Problem to work on: Exclude the pictures and transcribe the rest of the data below exactly.

Supplied information:
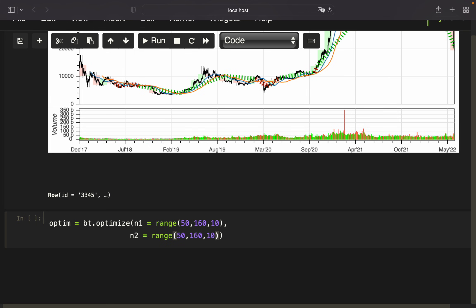We also want to only have those combinations where we have at least 20 days difference between the long-term and short-term simple moving average. Otherwise we would get basically non-divergent lines. I don't want to have those combinations—I want at least a distance of 20 days.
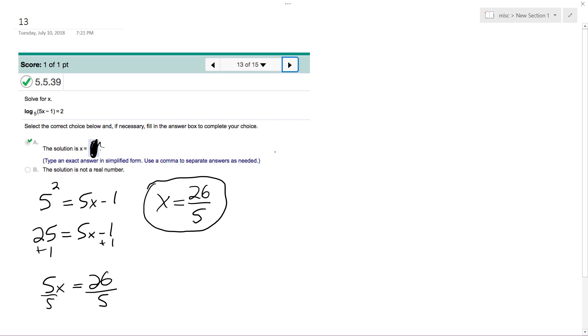All right, so let's check and see if this works. Log base 5 of 26 - well, it ends up being 5 times 26 over 5. The 5s cancel off. Let me just do that, there's no use in me skipping steps.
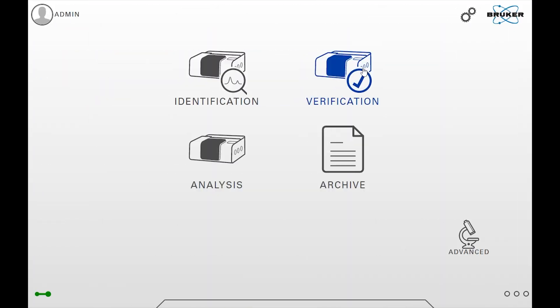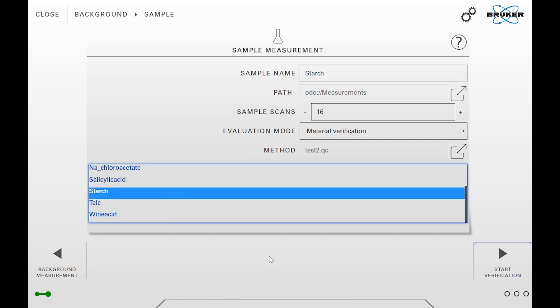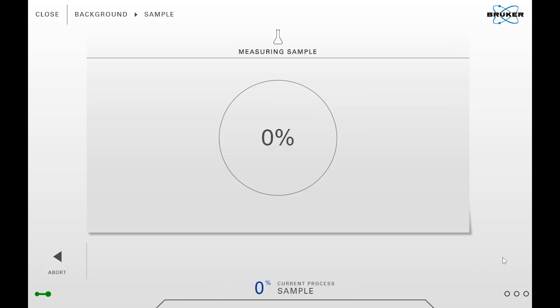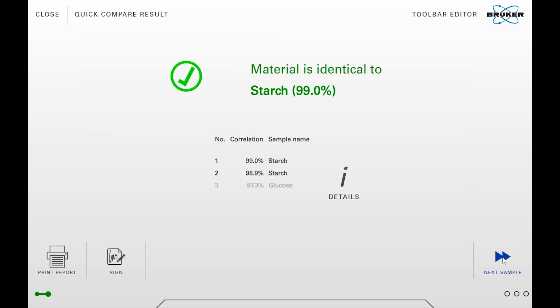The dedicated Opus Touch verification workflow provides the most convenient way to apply quick compare methods in daily routine analyzers. Of course, the method can also be used for data evaluation within Opus.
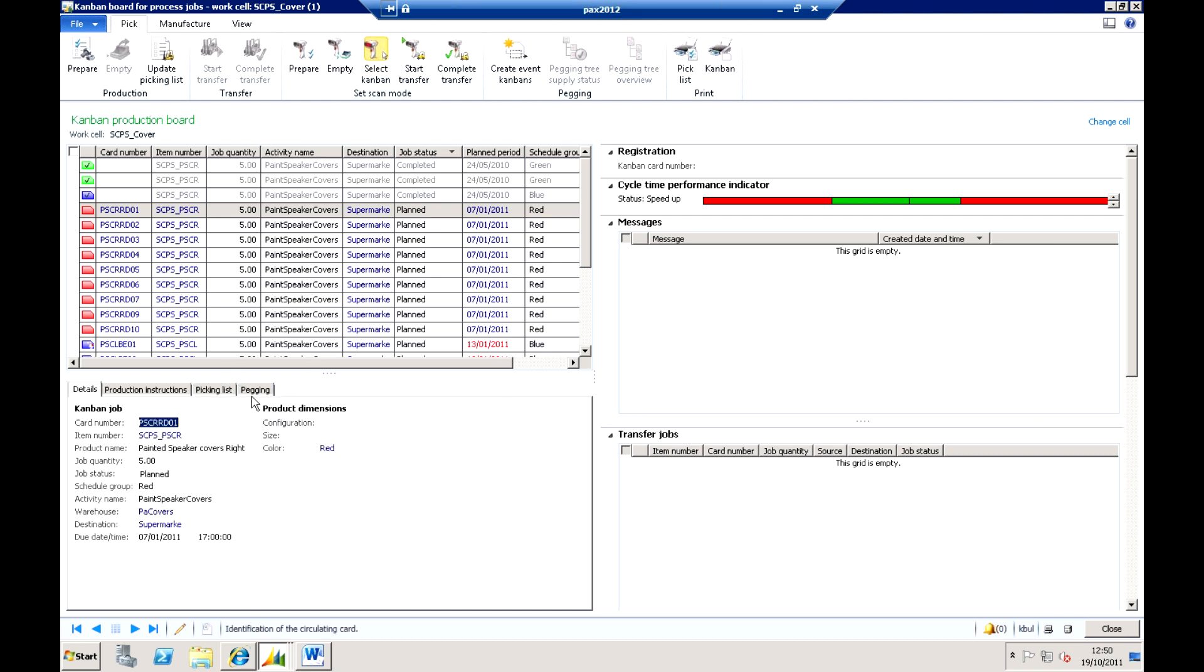It also allows me to do multi-level pegging, so within a Kanban environment I can actually have different Kanbans at different levels. So a Kanban can be for a sub-assembly, it can be for the material movements, it can be for the finished board as well.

Result for this exercise:
We also want to only have those combinations where we have at least 20 days difference between the long-term and short-term simple moving average. Otherwise we would get basically non-divergent lines. I don't want to have those combinations—I want at least a distance of 20 days.
All right, so let's check and see if this works. Log base 5 of 26 - well, it ends up being 5 times 26 over 5. The 5s cancel off. Let me just do that, there's no use in me skipping steps.
The dedicated Opus Touch verification workflow provides the most convenient way to apply quick compare methods in daily routine analyzers. Of course, the method can also be used for data evaluation within Opus.
It also allows me to do multi-level pegging, so within a Kanban environment I can actually have different Kanbans at different levels. So a Kanban can be for a sub-assembly, it can be for the material movements, it can be for the finished board as well.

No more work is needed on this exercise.